MR: Wonna states that the main reason she married her husband was because his mother was dead. What is so formidable about the contemporary South Korean mother-in-law in the eyes of a young wife?

FC: I think the landscape is changing a bit now, but traditionally, there has been a history of bad blood between mothers-in-law and daughters-in-law because of the extremely high expectations of the mothers-in-law. Honestly, I personally think a lot of it can be attributed to the sons, because they can be terrible at communicating and acting as the bridge between their wife and mother, and so a lot of misunderstandings arise, which leads to hurt and anger. But if the mother has lavished so much love on the son and has these expectations that the daughter-in-law will act in gratitude to the parents-in-law, when the daughter-in-law obviously has her own priorities and life and her own parents to worry about, then the mother-in-law feels slighted and the daughter-in-law feels misunderstood, both feel aggrieved and it becomes a vicious cycle. But interestingly, these days Korean society tends to regard daughters higher than sons as it’s thought that daughters will take better care of parents in old age, so we will see what this next generation of mothers- and daughters-in-law will look like.

Many young people choose to get married late or not at all, and Korea has the lowest birth rate in the world.

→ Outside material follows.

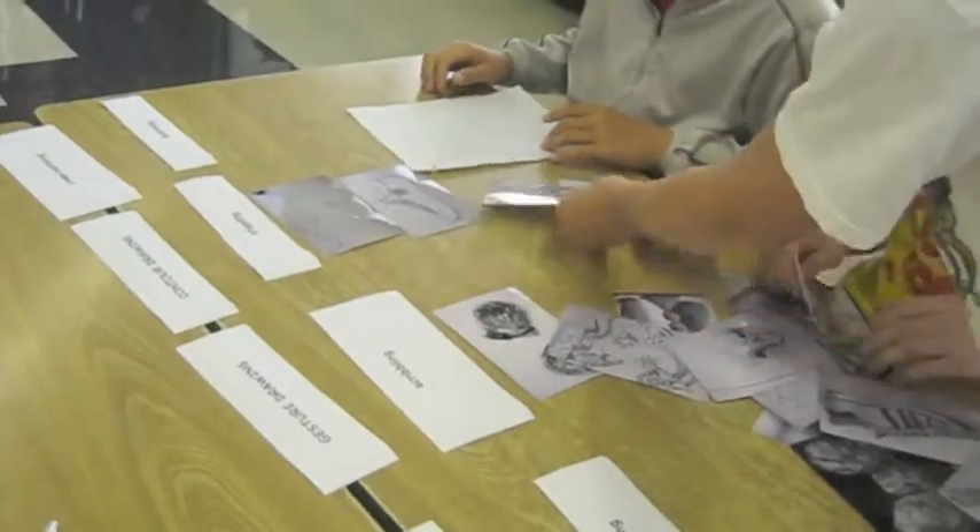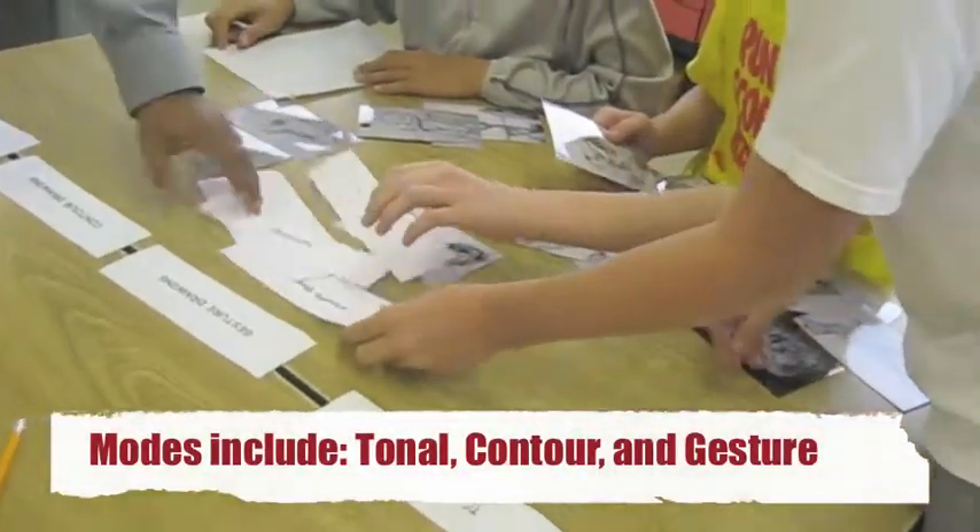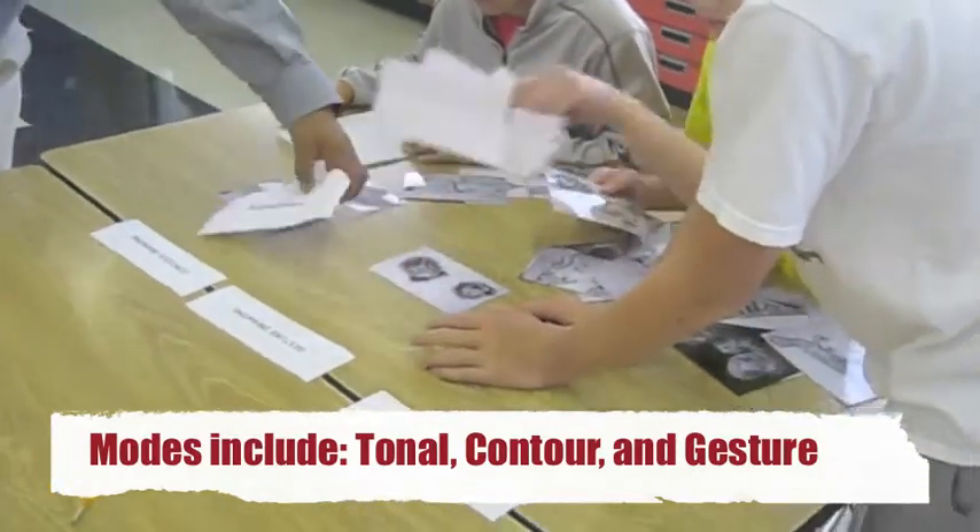Now, gentlemen, don't do the techniques yet — just do the mode. Find the three modes, there you go. Put them in the modes first.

And this is alarming for the older generations, who worry for their children and the next generation.”

Miho achieves approval, support and love from individual members of the wealthy elite through her art projects, but is acutely aware that “For all its millions of people, Korea is the size of a fishbowl and someone is always looking down on someone else” – and that any status she manages to acquire will be temporary. Is it impossible for her to achieve lasting success in those circles?

I think in the art world – whether in Korea or anywhere else – it’s so arbitrary who becomes successful and who does not, and once you enter the canon, your career can take off exponentially. So just getting through the gatekeepers is important, and I think Miho is much more aware than most of her peers that her career requires a lot of manoeuvering and politics. I think it’s quite possible, actually, for her to achieve lasting success, but just getting through that initial hurdle is something she is working on.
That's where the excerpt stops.